In the dusty back blocks of the tiny hamlet of Ilfracombe in central western Queensland sits a small house with a big story. Known as the Langenbaker House, this modest timber and corrugated iron dwelling is not only a remarkably preserved example of life in the central west from the late 19th century, but also of one particular family who called this place home for over 100 years. MDO for Central Queensland Melanie Piddocke recently had the opportunity to get to know the house, its contents and its previous occupants while making an inventory and condition assessment of the objects inside the house.
Harry and Mary Ann Langenbaker were married in Barcaldine in January of 1890, when Harry was 31 and Mary Ann just 18. Harry was a teamster, earning his living transporting goods (especially wool) between the central rail line and outlying towns and sheep stations. Teamsters went where there was work, and when the central rail line was extended to Longreach in 1892, nearby Ilfracombe developed as a strategic place from which teamsters could operate. Harry and Mary Ann accordingly packed up their house and belongings and moved everything to Ilfracombe in 1899. By this time the couple had had five children, only one of whom had died in infancy, and were to raise six more in the tiny house.
Once a common style of workers dwelling in the area, the Langenbaker House is now the only surviving example of its kind. It demonstrates once typical features of teamsters houses, such as the lattice work around the front and rear verandas, made from the iron hoops originally used to bind wool bales, and the easily dismantled and erected timber frame design. But what makes this house even more remarkable is what is inside.
The last Langenbaker child, Bernard, grew up and lived in the house until his death in 1991, at which point the house and all its contents was transferred to the ownership of the then Ilfracombe Shire Council for preservation and interpretation for the public. The three family members who spent the most time in the house – Mary Ann and two of her sons, Leslie and Bernard – are most in evidence in the house as it is today.
Mary Ann, reported to have been a “real lady…very dainty”, can be discovered through the copious amounts of needlework around the home and great care and thought given to window and table dressings. Mrs Langenbaker also taught piano to local children and provided the music for local dances to help supplement the family income, and her upright Beale piano still sits in pride of place in the living room.

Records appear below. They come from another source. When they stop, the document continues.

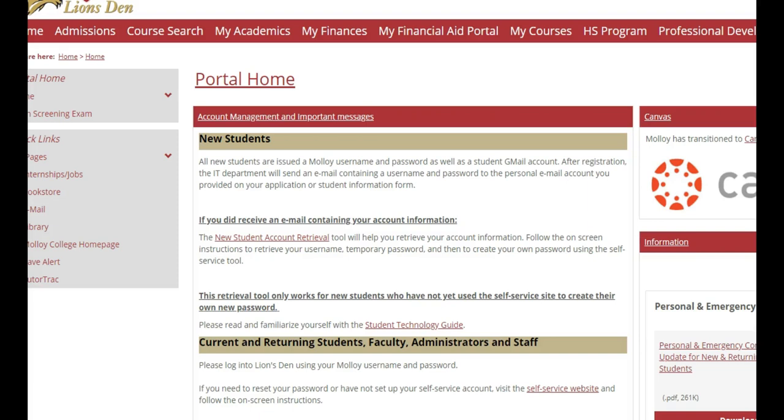Hello, today I'm going to show you how to access the list of courses that will fulfill your Liberal Arts and Science requirements. Students are required to complete a minimum number of credits in Liberal Arts and Sciences. The number of Liberal Arts and Science credits you are required to complete will depend on the type of degree you're pursuing.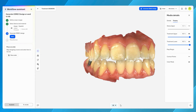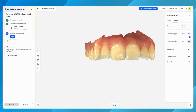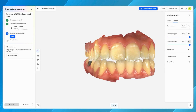On the bottom centre of the screen is the Restoration Selector, which allows you to conveniently switch between teeth in cases with multiple restorations. To maintain a consistent look and feel across the interface, the media details — including display panels and case-specific information — remain positioned on the right side of the screen.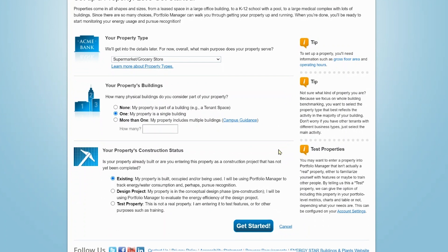More information about benchmarking a campus is available on our training website. Finally, choose the appropriate construction status for the property. Now click Get Started.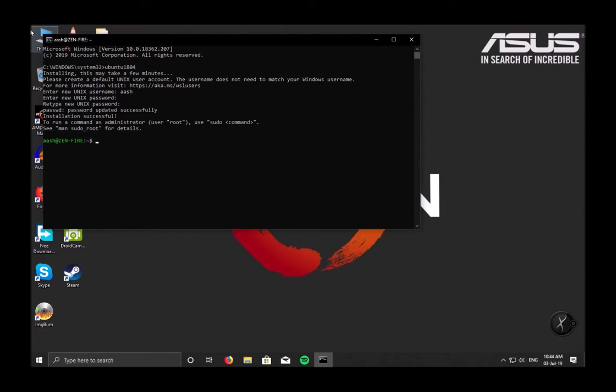I'll be back with another video where I will show you how to program on Linux. This video is about how to install Linux subsystem for Windows. I hope you enjoyed this video and this video was informative to you. See you in the next video, signing out, Ash Gates.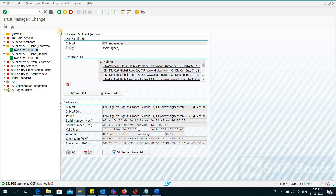This is the procedure through which you can add SSL certificates to the Trust Manager. Note that this works for the ABAP-based system only — for Java systems the mechanism is different. Thank you very much for watching the video. If you like it, please click thumbs up and subscribe for similar videos. Thank you very much, bye.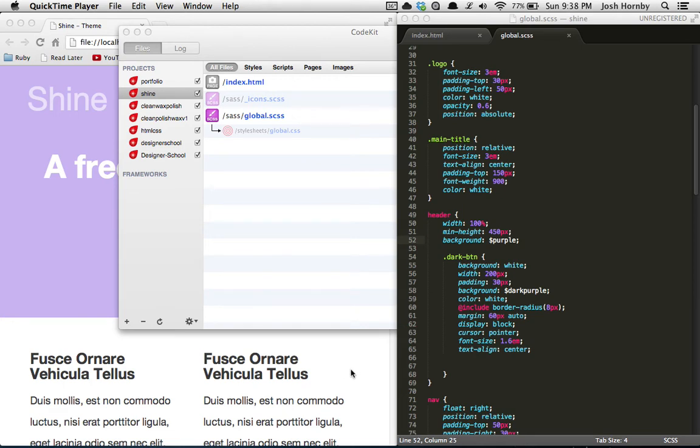This is a screencast for designerschool.com showing you designing in browser and the easiest and most simple setup you can have for this.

Most touchingly though, Mrs Langenbaker listed her children and their ages on the inside of her wardrobe door, at which time the eldest was 28 and the youngest just 6. She ends the list with “I got a bit tired at the last”.
The relatively undisturbed quality of the house is largely thanks to Leslie Langenbaker, who became blind around the age of 17 as a result of a neurological injury sustained in a riding accident. From that time, furnishings were left unaltered to allow Leslie to find his way around. According to contemporary accounts, after his accident Les became afraid of the idea of people putting their hands through his bedroom window at night, so chicken wire was nailed across the outside of the window to put his mind at rest. This is still in place.

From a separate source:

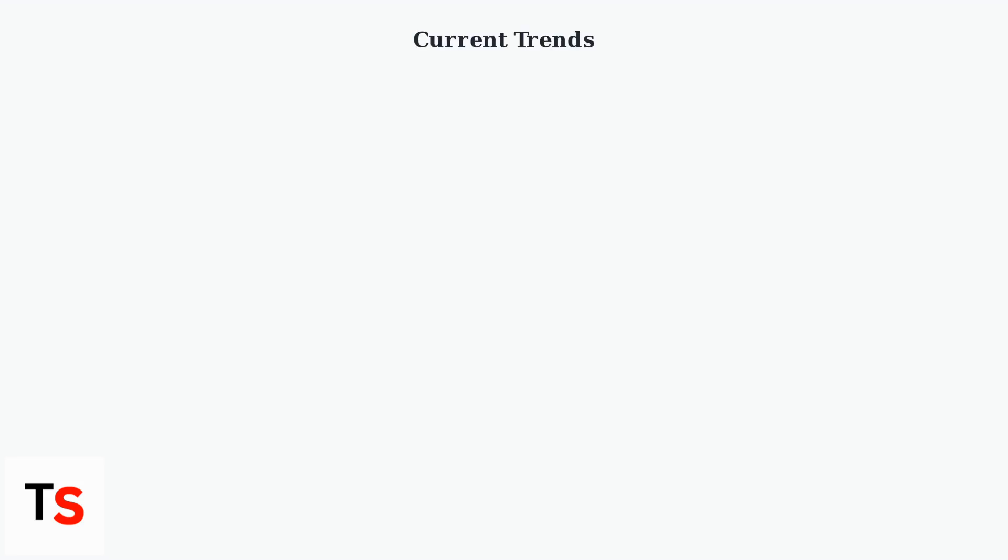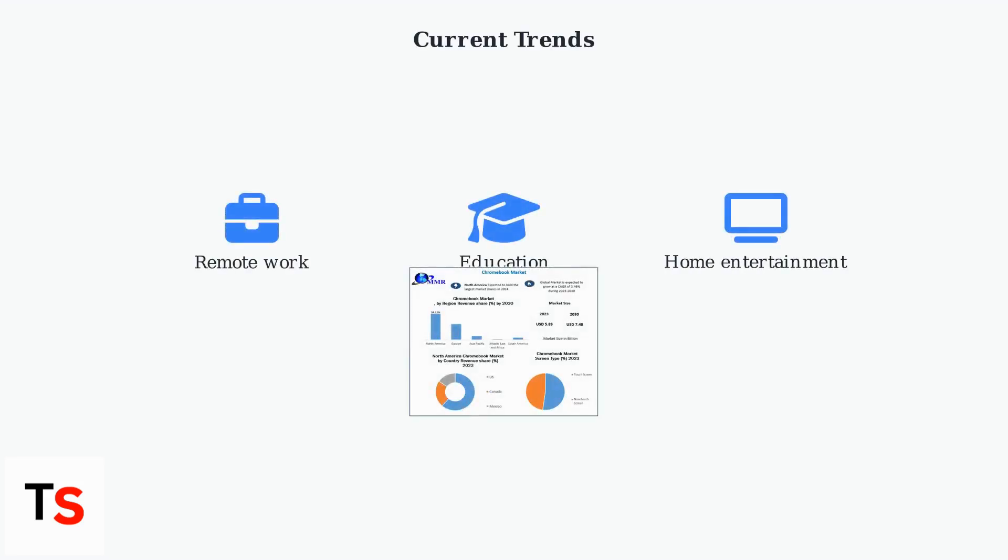Current trends show increased adoption of Chromebook to Roku casting for remote work, education, and home entertainment, driven by Chromebook's growing market share.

Mary Ann Langenbaker lived in the house until she died at the age of 92, and is buried in Ilfracombe cemetery along with her husband and four of her children. While the Langenbaker House story is notable as much for its representativeness of ordinary life, it is at the same time about the extraordinary lives of women like Mary Ann Langenbaker who created stability for their families in a remote and challenging environment.